- **PROBLEM STATEMENT**
Exact repetition, pictures omitted: give every record below again.
--- THE RECORDS ---
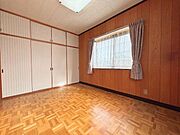 2階東側6帖：収納スペースの扉は引き戸なので、家具の配置がしやすく、お部屋をすっきりと広くお使いいただけます。（2025年12月13日撮影）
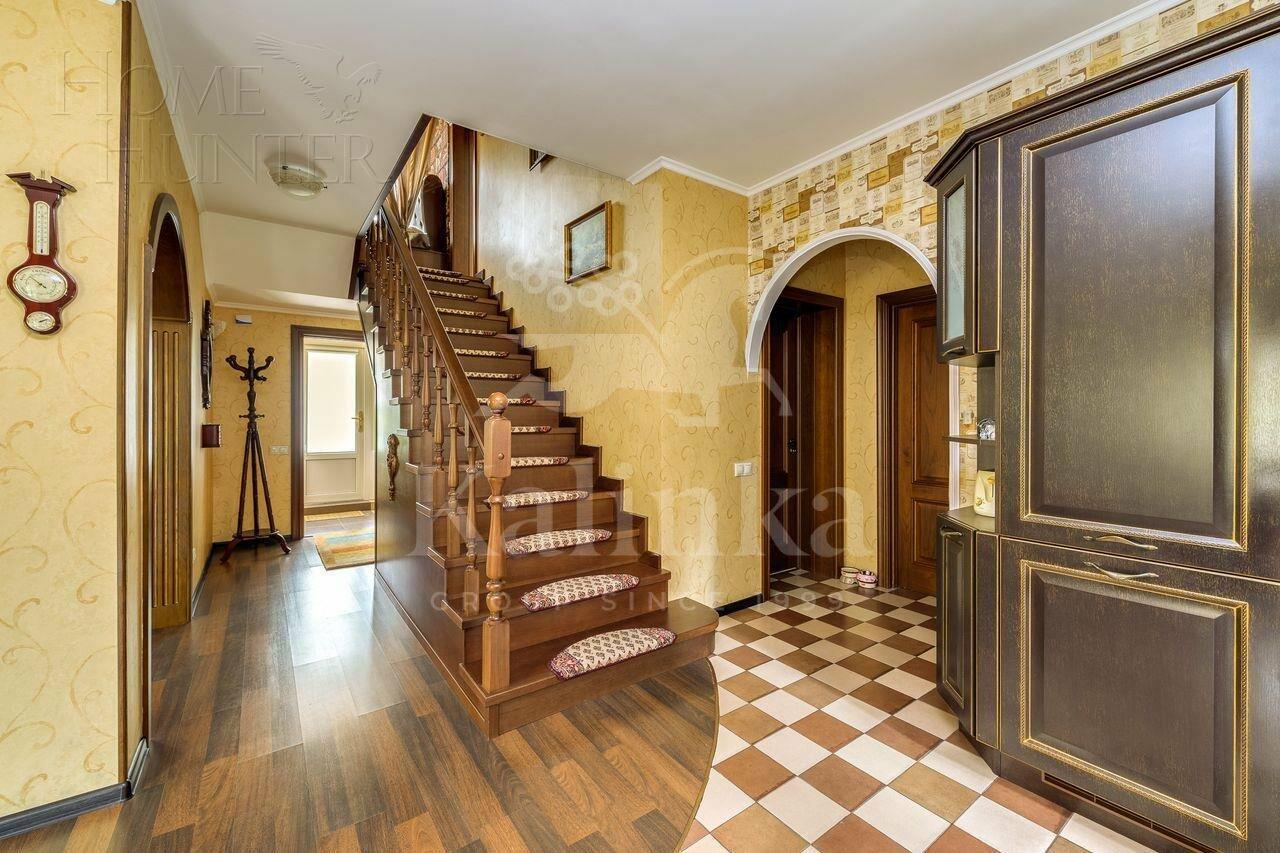 2-этажный коттедж 397 м² с отделкой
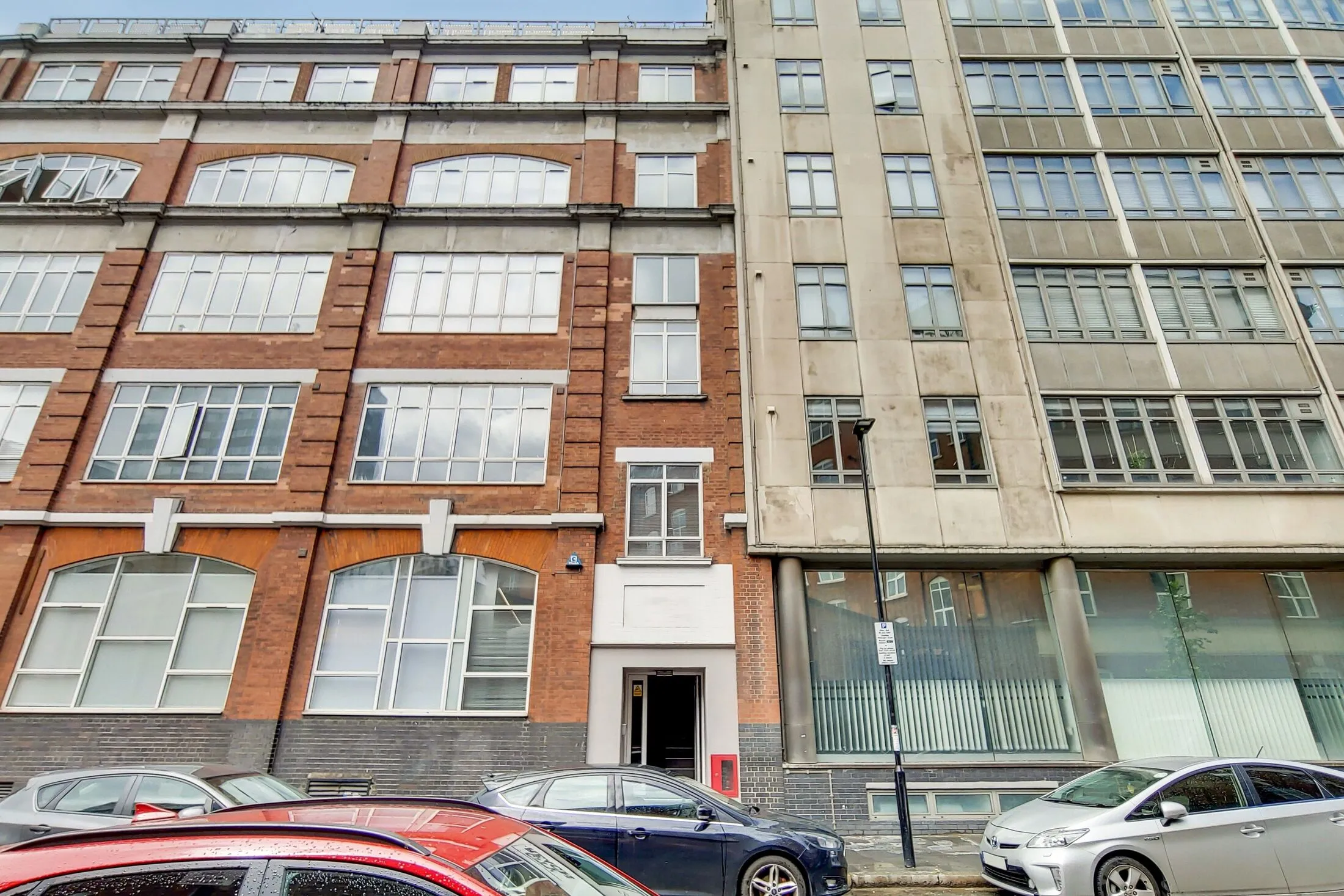 Flat Dingley Road in Greater London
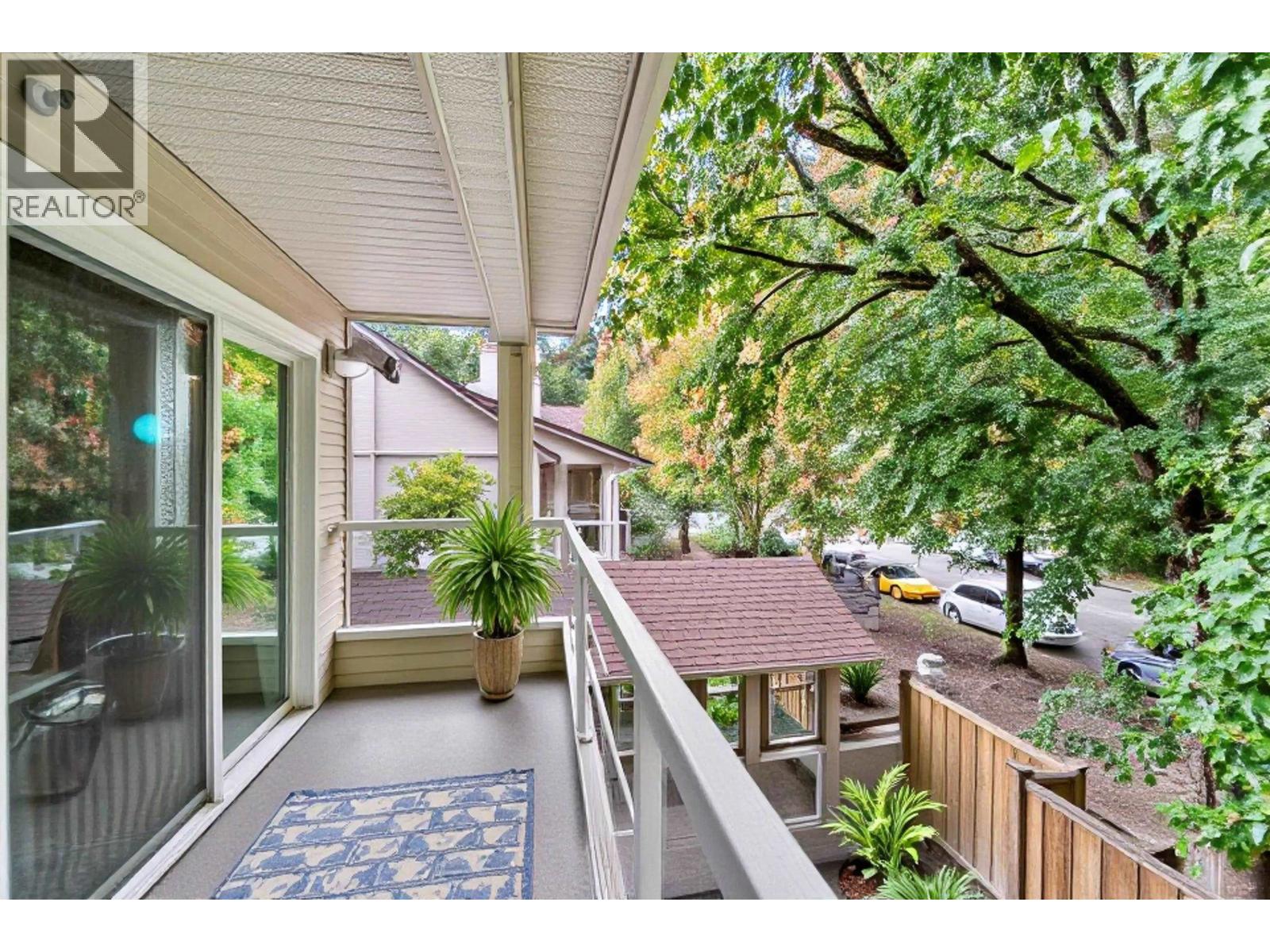 306 3400 SE MARINE DRIVE, Vancouver — photo 2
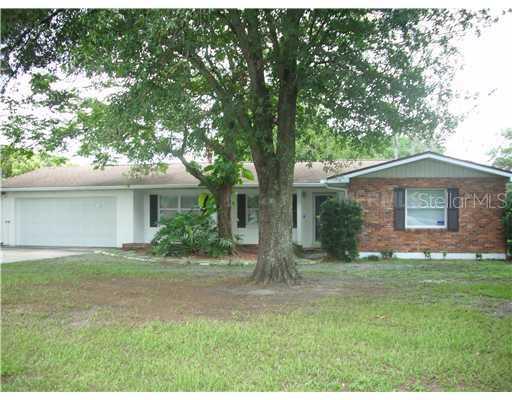 911 Westlake Dr., Wimauma, FL 33598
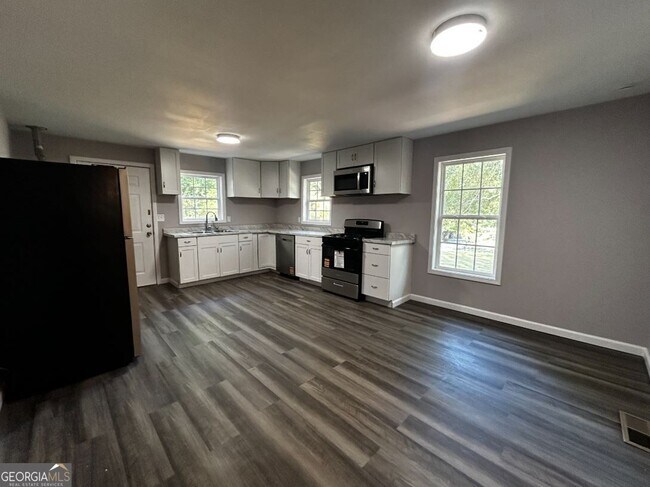 Building Photo - 88 Watson Dr SW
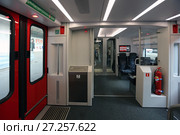 Внутри вагона двухэтажного поезда Stadler «Тбилиси — Батуми». Грузия (2017 год). Редакционное фото, фотограф Алексей Гусев / Фотобанк Лори
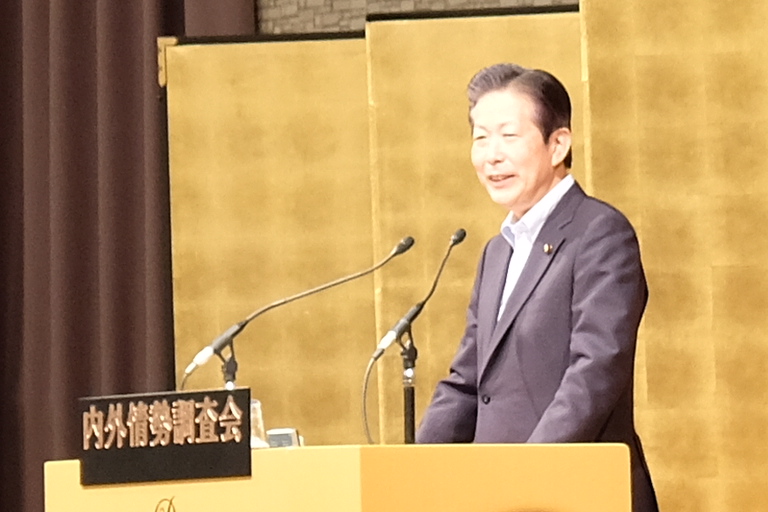 内外情勢調査会_d0130714_14591242.jpg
---
- **SOLUTION**
 2階東側6帖：収納スペースの扉は引き戸なので、家具の配置がしやすく、お部屋をすっきりと広くお使いいただけます。（2025年12月13日撮影）
 2-этажный коттедж 397 м² с отделкой
 Flat Dingley Road in Greater London
 306 3400 SE MARINE DRIVE, Vancouver — photo 2
 911 Westlake Dr., Wimauma, FL 33598
 Building Photo - 88 Watson Dr SW
 Внутри вагона двухэтажного поезда Stadler «Тбилиси — Батуми». Грузия (2017 год). Редакционное фото, фотограф Алексей Гусев / Фотобанк Лори
 内外情勢調査会_d0130714_14591242.jpg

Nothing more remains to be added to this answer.